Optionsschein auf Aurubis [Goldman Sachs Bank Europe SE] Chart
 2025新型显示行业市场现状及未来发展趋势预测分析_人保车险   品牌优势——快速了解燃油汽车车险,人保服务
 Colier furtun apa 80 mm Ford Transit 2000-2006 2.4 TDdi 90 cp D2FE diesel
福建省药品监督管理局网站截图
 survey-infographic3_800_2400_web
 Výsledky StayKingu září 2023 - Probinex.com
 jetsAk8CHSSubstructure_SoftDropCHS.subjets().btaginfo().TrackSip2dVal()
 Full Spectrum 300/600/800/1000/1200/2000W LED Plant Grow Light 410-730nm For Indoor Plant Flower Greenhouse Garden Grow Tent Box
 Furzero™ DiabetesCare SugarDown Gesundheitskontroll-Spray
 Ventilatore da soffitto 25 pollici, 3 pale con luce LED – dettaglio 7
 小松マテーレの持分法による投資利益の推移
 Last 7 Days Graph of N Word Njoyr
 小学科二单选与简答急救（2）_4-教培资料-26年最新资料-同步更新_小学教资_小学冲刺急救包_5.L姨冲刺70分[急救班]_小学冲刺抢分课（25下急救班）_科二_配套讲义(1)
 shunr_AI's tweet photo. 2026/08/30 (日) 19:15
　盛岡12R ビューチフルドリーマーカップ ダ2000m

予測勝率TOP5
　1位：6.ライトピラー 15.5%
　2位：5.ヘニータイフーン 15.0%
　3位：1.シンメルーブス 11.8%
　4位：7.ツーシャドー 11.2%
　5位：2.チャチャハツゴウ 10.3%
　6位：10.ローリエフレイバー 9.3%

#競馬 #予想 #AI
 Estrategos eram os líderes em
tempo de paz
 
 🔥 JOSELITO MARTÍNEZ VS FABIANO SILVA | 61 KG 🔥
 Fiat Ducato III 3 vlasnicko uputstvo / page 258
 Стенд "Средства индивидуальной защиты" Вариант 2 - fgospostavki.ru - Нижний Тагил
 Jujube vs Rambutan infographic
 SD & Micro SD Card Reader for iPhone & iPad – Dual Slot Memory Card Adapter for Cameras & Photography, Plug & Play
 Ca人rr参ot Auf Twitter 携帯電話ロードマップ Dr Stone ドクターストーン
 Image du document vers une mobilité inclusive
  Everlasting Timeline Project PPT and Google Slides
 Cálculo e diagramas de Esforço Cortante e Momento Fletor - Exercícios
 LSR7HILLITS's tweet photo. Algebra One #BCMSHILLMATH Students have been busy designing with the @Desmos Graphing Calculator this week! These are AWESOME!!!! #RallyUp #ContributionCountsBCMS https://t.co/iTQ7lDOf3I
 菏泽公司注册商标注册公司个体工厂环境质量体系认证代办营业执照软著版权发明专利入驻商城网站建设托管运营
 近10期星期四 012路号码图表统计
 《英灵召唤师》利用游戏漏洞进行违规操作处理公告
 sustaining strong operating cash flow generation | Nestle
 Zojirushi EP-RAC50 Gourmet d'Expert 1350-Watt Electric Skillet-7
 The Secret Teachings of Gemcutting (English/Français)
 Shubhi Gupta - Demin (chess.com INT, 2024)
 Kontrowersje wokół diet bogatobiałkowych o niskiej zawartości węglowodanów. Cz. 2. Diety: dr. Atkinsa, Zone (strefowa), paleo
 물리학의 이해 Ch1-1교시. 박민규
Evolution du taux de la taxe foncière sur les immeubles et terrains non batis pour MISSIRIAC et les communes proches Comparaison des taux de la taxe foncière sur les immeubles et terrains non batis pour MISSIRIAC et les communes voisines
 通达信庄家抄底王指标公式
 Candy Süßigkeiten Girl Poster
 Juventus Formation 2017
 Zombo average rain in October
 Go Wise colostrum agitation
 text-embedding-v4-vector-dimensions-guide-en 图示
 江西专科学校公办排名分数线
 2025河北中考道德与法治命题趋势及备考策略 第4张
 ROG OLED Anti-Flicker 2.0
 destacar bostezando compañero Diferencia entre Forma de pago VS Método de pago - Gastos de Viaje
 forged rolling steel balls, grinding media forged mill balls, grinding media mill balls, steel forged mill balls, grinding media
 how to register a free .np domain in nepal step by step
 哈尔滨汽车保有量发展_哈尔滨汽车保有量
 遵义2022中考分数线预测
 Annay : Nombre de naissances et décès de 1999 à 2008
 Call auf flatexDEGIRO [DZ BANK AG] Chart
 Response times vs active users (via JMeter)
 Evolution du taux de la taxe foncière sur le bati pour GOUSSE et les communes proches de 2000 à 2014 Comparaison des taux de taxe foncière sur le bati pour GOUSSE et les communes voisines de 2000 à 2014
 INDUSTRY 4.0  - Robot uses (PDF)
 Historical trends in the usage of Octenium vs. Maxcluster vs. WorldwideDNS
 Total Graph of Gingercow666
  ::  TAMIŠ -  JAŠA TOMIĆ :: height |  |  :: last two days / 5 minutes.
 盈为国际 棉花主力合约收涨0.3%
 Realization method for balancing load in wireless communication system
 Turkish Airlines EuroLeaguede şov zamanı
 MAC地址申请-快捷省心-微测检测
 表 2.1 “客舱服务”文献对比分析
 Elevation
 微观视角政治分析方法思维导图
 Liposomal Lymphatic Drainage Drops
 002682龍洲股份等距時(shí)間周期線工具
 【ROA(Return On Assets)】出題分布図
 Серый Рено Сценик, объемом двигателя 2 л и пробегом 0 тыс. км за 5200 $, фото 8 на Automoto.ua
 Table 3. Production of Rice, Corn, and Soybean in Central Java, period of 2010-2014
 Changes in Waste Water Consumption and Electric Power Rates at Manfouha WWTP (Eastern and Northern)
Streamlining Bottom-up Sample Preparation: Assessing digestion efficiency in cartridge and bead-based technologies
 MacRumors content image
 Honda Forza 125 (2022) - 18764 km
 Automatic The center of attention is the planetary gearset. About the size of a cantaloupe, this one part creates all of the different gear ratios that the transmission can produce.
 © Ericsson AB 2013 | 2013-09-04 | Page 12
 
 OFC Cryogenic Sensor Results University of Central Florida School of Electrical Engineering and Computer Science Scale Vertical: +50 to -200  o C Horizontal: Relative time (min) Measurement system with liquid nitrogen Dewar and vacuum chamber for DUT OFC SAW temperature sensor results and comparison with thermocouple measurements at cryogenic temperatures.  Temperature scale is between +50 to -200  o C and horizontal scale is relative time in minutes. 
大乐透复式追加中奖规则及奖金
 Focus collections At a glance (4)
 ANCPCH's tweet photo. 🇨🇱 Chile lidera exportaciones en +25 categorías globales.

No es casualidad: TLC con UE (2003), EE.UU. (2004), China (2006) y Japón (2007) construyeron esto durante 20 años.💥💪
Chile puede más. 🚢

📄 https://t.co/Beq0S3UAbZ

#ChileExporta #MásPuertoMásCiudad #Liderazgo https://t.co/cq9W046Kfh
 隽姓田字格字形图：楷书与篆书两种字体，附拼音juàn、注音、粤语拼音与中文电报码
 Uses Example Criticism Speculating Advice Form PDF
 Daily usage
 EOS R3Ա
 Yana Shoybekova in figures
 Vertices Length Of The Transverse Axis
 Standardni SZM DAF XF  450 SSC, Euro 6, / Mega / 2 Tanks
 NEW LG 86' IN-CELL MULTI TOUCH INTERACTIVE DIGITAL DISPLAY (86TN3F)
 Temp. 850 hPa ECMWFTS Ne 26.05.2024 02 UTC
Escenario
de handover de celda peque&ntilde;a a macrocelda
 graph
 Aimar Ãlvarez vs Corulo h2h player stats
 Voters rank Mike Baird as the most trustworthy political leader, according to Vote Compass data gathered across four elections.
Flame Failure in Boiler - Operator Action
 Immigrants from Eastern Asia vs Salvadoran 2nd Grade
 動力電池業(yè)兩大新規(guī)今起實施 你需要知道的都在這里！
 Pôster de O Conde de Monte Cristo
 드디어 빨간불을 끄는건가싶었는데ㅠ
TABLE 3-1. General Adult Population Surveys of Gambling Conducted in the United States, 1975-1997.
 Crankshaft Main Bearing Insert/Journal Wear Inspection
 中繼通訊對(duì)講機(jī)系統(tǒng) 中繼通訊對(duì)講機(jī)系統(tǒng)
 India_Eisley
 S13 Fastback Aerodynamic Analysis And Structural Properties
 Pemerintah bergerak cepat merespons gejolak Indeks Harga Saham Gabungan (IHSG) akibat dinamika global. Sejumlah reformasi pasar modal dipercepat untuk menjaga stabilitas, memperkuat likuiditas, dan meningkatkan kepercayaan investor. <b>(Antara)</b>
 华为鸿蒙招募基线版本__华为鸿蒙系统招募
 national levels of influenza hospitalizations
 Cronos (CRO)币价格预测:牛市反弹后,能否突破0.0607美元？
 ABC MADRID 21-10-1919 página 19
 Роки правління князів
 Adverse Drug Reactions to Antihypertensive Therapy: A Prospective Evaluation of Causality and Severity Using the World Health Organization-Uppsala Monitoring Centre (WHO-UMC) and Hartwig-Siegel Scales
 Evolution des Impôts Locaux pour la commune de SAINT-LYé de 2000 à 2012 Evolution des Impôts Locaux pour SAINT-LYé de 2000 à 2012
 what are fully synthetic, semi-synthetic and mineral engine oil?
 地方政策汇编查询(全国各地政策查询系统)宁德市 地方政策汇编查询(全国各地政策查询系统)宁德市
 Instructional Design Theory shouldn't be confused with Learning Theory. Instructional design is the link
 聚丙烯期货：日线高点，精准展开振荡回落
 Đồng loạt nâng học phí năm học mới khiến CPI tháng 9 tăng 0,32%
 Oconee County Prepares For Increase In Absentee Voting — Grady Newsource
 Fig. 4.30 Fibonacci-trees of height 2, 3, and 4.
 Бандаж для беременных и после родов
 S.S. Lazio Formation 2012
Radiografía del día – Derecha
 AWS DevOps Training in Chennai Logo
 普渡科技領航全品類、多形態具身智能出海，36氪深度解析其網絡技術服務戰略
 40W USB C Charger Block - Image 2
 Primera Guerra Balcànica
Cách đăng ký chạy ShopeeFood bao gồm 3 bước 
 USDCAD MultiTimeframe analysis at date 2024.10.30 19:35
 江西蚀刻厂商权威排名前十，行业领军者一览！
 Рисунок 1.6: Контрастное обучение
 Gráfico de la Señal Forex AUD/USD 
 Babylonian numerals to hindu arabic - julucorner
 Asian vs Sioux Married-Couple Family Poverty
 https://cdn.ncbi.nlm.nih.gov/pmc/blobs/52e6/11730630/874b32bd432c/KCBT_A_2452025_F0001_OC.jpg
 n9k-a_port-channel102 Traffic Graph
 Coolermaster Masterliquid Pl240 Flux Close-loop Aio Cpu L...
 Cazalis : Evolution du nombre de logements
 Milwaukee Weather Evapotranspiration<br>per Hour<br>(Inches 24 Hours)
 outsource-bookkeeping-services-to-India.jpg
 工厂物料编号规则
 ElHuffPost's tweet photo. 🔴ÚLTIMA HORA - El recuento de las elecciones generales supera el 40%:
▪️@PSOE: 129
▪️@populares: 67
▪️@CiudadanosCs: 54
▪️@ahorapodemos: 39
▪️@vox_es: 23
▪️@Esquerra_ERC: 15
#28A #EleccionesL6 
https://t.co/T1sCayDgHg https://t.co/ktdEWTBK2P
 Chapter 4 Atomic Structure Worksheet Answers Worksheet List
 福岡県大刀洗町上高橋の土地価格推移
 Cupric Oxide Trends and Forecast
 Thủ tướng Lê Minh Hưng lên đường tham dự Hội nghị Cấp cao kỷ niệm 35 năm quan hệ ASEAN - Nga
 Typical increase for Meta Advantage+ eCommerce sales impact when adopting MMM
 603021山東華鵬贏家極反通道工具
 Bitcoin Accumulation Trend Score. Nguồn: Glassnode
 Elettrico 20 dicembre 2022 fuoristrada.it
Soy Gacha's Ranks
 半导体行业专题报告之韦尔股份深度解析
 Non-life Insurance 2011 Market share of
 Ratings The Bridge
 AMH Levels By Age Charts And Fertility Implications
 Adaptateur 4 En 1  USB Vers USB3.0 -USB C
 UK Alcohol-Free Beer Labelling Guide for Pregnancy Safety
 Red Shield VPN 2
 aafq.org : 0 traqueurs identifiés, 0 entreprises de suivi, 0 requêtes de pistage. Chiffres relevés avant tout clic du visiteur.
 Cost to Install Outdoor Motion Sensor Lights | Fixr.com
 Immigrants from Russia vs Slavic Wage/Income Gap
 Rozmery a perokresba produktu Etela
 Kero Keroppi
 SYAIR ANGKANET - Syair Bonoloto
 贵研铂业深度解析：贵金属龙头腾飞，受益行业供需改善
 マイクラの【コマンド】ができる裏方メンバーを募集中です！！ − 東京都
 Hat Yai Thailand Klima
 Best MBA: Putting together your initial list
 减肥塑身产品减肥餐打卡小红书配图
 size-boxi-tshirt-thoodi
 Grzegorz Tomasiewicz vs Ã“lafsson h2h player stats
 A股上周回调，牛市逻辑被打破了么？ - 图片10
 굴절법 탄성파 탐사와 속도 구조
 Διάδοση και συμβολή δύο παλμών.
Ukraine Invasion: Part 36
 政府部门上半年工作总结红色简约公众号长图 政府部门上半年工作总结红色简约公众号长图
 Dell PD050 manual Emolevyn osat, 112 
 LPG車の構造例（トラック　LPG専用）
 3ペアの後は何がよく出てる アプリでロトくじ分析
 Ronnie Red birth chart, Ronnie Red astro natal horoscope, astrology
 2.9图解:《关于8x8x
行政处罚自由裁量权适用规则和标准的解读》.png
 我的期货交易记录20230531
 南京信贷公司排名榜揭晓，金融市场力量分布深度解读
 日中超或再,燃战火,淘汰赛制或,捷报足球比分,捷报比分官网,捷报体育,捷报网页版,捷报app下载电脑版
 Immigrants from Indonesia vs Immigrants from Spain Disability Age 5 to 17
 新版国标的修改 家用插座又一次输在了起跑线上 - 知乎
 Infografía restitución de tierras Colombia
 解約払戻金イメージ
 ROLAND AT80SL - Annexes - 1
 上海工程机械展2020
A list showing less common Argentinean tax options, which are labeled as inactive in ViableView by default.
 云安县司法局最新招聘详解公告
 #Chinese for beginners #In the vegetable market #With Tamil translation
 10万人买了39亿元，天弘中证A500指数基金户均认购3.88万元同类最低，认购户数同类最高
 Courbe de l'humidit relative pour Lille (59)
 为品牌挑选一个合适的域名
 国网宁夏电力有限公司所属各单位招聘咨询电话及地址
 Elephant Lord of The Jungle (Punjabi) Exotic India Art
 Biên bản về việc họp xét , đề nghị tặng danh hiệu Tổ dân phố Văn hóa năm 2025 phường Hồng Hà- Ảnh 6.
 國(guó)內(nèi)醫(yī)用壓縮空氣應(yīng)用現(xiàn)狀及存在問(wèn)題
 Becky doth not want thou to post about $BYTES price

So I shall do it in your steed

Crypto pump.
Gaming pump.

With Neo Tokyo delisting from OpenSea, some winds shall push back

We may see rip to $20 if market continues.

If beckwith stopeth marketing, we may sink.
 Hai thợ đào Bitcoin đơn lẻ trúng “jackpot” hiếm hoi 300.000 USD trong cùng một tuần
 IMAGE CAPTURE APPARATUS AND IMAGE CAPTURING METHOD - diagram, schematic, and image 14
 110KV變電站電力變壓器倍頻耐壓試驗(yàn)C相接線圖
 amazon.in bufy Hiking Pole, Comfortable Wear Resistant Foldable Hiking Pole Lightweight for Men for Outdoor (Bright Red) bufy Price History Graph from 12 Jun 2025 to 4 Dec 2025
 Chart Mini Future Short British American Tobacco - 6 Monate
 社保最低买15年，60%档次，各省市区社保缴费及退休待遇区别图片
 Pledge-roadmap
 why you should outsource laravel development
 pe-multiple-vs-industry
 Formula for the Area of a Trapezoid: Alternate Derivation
★ ★ ★ ★ ★ ★ ★
- _What you have to do_: Of the entries above, transcribe exactly those lines that fall between the line containing "國(guó)內(nèi)醫(yī)用壓縮" and the line containing "amazon.in bufy Hiking", together with those two lines.

- _Your response_:
 國(guó)內(nèi)醫(yī)用壓縮空氣應(yīng)用現(xiàn)狀及存在問(wèn)題
 Becky doth not want thou to post about $BYTES price

So I shall do it in your steed

Crypto pump.
Gaming pump.

With Neo Tokyo delisting from OpenSea, some winds shall push back

We may see rip to $20 if market continues.

If beckwith stopeth marketing, we may sink.
 Hai thợ đào Bitcoin đơn lẻ trúng “jackpot” hiếm hoi 300.000 USD trong cùng một tuần
 IMAGE CAPTURE APPARATUS AND IMAGE CAPTURING METHOD - diagram, schematic, and image 14
 110KV變電站電力變壓器倍頻耐壓試驗(yàn)C相接線圖
 amazon.in bufy Hiking Pole, Comfortable Wear Resistant Foldable Hiking Pole Lightweight for Men for Outdoor (Bright Red) bufy Price History Graph from 12 Jun 2025 to 4 Dec 2025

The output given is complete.